Publié le 07 novembre 2009 par Didier54 @Partages
Méchante la pendule, méchante la poupée
Ils ont la soixantaine, bientôt la septante.
Désormais, ils tournent un peu en rond dans leur maison. Devenue presque trop grande, après avoir semblé si petite. Tellement remplie, pourtant, la maison. Tant d'objets, d'odeurs, de souvenirs.
Ils guettent, maintenant. Ils attendent. Bassottent, comme on dit dans certaines campagnes. Bedassent, dans d'autres. Bouinent.
Ils lisent le journal le matin. Regardent la télé le soir. Bouquinent en journée. Ou écoutent la radio. Demain est loin, hier aussi. Aujourd'hui est lourd.

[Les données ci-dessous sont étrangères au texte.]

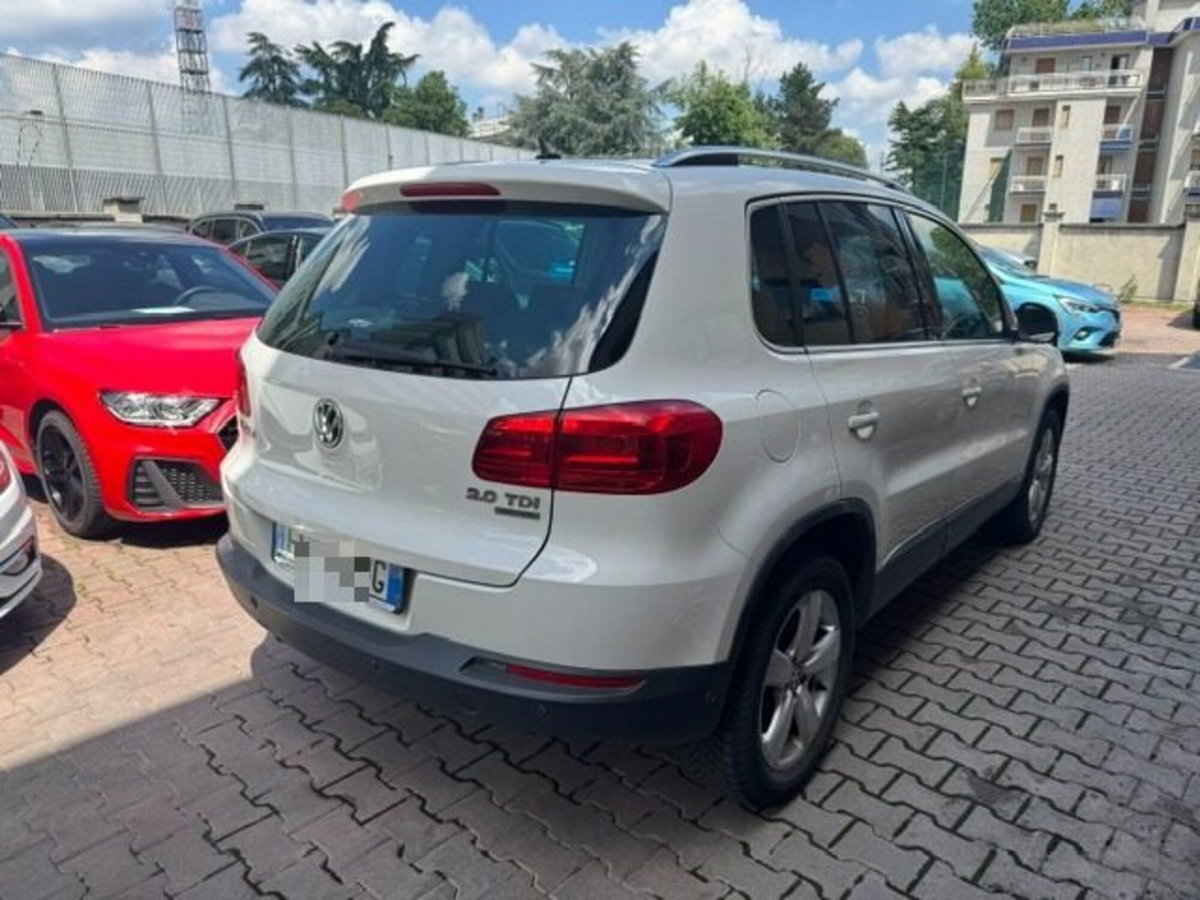 Volkswagen Tiguan 2.0 TDI 140CV 4MOTION DSG Sport & Style (4)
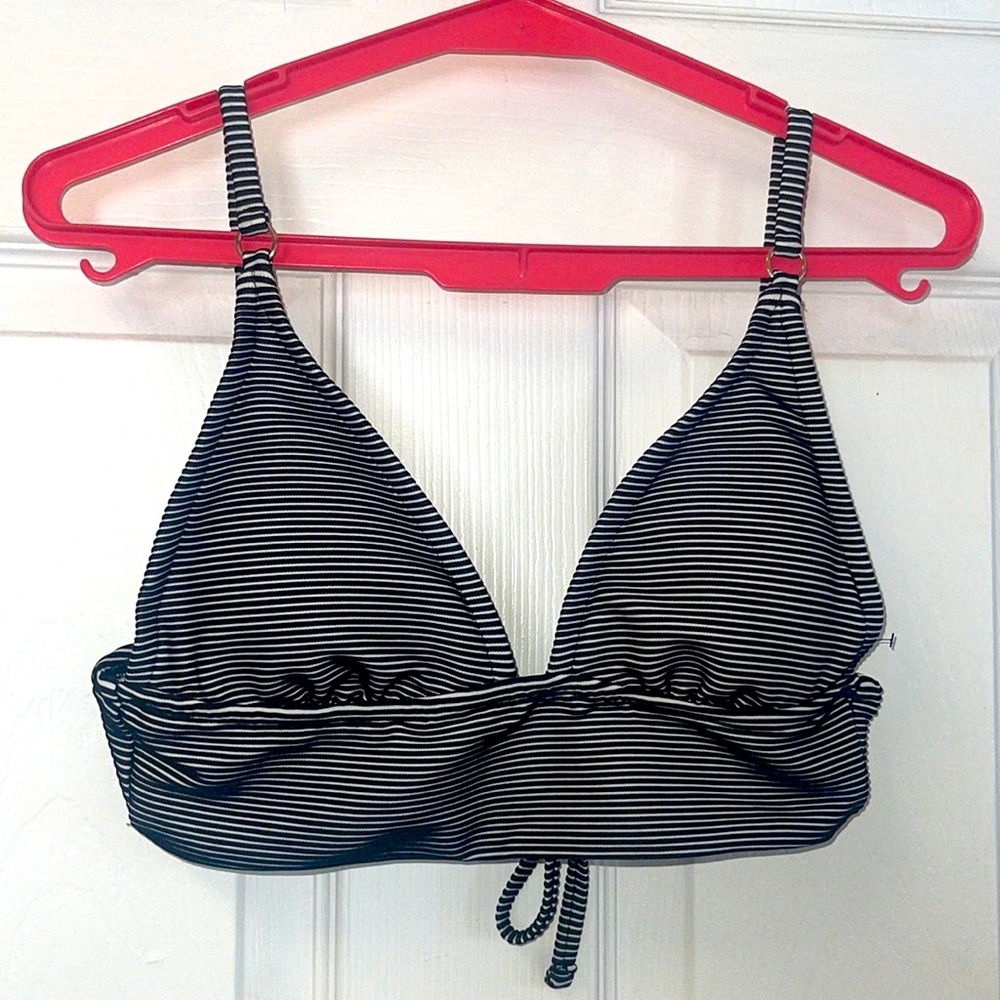 Padded bikini swimsuit top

Trop lourd, peut-être.
Alors ils attendent des autres, ce qu'ils ne s'osent plus. Ils escomptent en craignant les escarres.
De l'air, vite, de l'air, peut-être que ça suffoquera moins.
De la lumière, vite, de la lumière, que le noir et blanc se teinte. Se pare. Se mire.
De la chaleur, vite, de la chaleur, que le frimas s'estompe, que l'humus s'émousse, et que se chasse cette buée devant ma glace. Perles grises.
De la vie, vite. Donnez votre vie, s'il vous plaît. Nous avons tellement donné la nôtre...
Ils veulent le prendre, cet air, il leur manque tellement, il ne leur appartient plus. Il leur est dû. Faire sien.
Avoir ce que l'on n'est plus. Voir que ce que l'on n'a pas. Escompter, même si ça esquinte. Escompter, pourvu que ça esquisse.
La machine à reproches s'astique les pinces à l'orée du jour, alors que la nuit, déjà, a écrasé les carreaux et que les volets se sont tirés comme un rideau de fumée. Un écran blanc pour lunettes de soleil. Fondu au noir.
On peut les imaginer, devant leur fenêtre, à finalement compter les voitures. Au pire les scooters. Les phares qui éclaboussent. Forcément vain, l'affût des heures à venir affûte la lame des heurts qui soupirent. Transpirent. Inspirent. S'expirent. Ils attendent. Tellement. Que dénicher ? Forcément suinte le coulis des grimaces, le courroux des aigreurs. La pendule, qui dit oui, qui dit non. La poupée qui fait oui, qui fait non. Non, surtout. Ils n'ouïssent plus les oui. Surtout le non, qui ne dit pas son nom. Méchante, la pendule. Méchante la poupée.